Lengthy void periods
Your property is only making you money through rent if there are tenants living in it. Landlords still have to cover their mortgage regardless of whether they are getting any rental income. So, avoid a vacant property and be careful when you draw up a tenant agreement.
If you are allowing students to live there for just nine or 10 months, and not charging for a full year’s rent, consider renting it with Airbandb for the short period that the property is empty.
Remember happy tenants stay longer and will cost you less in terms of void periods and cleaning bills. So, make sure you maintain the property and communicate with your tenants regularly.
Being tax ignorant
As a landlord, you need to pay tax on the money you receive from tenants if your total income for the tax year is above the personal allowance threshold of £10,600.
Failure to do so is against the law, and it could result in fines or even a prison sentence.
Landlords also need to be aware landlord tax has recently changed
Since April 2017, this mortgage interest tax relief is being stepped down to a maximum of 20 per cent basic tax rate.
Mortgage interest repayments are likely to be one of the biggest costs incurred when buying to let. So, this change is significant and needs to be budgeted for.
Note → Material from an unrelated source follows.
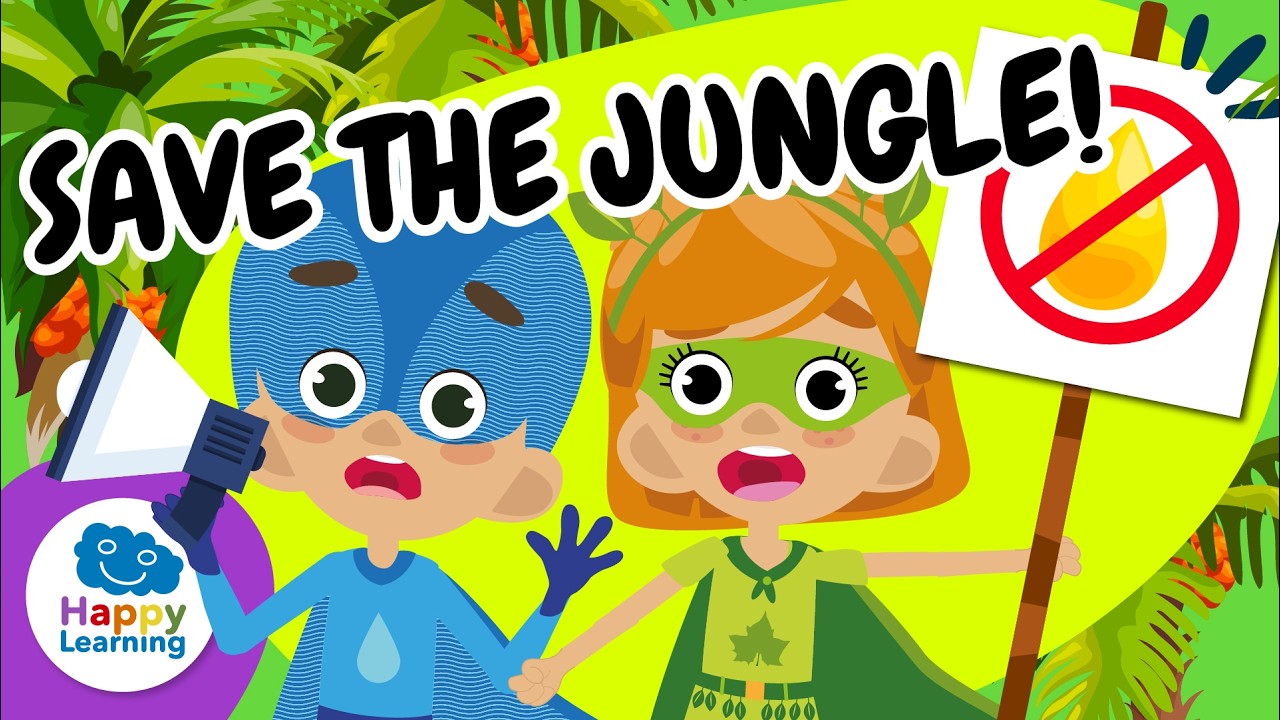 🌴 Incredible facts about PALM OIL | Educational Videos for Children | @HappyLearningEN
Making life even harder for landlords, the ‘wear and tear’ allowance will be scrapped in the next few years. Currently, landlords can offset 10 per cent of their rental income against tax for maintenance, regardless of whether they had carried out any repairs or not. Since April 2016, landlords will only be able to claim for maintenance which can be proved to have taken place. That means that careful record keeping is essential.
Not accounting for hidden costs
Buying to let is an investment and initially, you will have to spend money to make money. While you know about mortgage repayments and letting agent fees, there could well be lots of extras you haven’t thought of.
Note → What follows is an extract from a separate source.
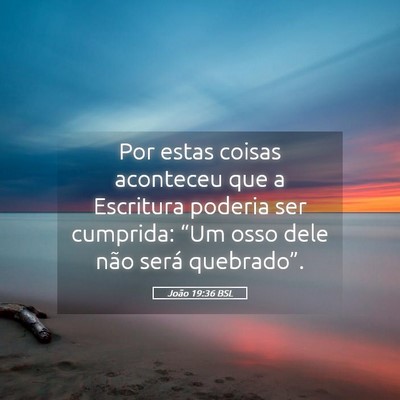 Picture 05 - João 19:36 BSL - Por estas coisas aconteceu que a Escritura - Bible Verse Picture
You may need buildings insurance and potentially contents insurance and even landlord insurance to cover any rent arrears or damage to the property, although not all tenants will qualify for this. You will also need to provide a gas safety certificate and pay for annual checks.
In addition to these initial costs, you will be expected to maintain the property to a reasonable standard. For example, if the boiler or washing machine breaks, you will usually be responsible for fixing or replacing it, if it wasn’t the tenant’s fault.
It is possible to sign up to landlord specific plans that will cover repairs and maintenance.
These costs add up. You will also need a contingency fund in case of emergencies.
Choosing an unpopular location
Location, location, location; you need to select a location where void periods are low and there are high rental demands.
If you choose an area with a bad reputation or is in the middle of nowhere, you will struggle to charge a decent rent and find good tenants, regardless of how appealing you have made the property.
It can be hard to predict which areas will appeal to tenants, but there are ways to protect yourself.
Visit the area in the day and also in the evening to see if it’s safe and a desirable place to live. It is also vital to check average rent in the area. That way, you can calculate your likely rental income versus the cost of the property.
There are a number of important questions you should be asking before you go ahead. Does the property have good transport links? The location will also determine what kind of tenants you attract, so consider; is it close to a university, so students will like it, or a local school, to appeal to families?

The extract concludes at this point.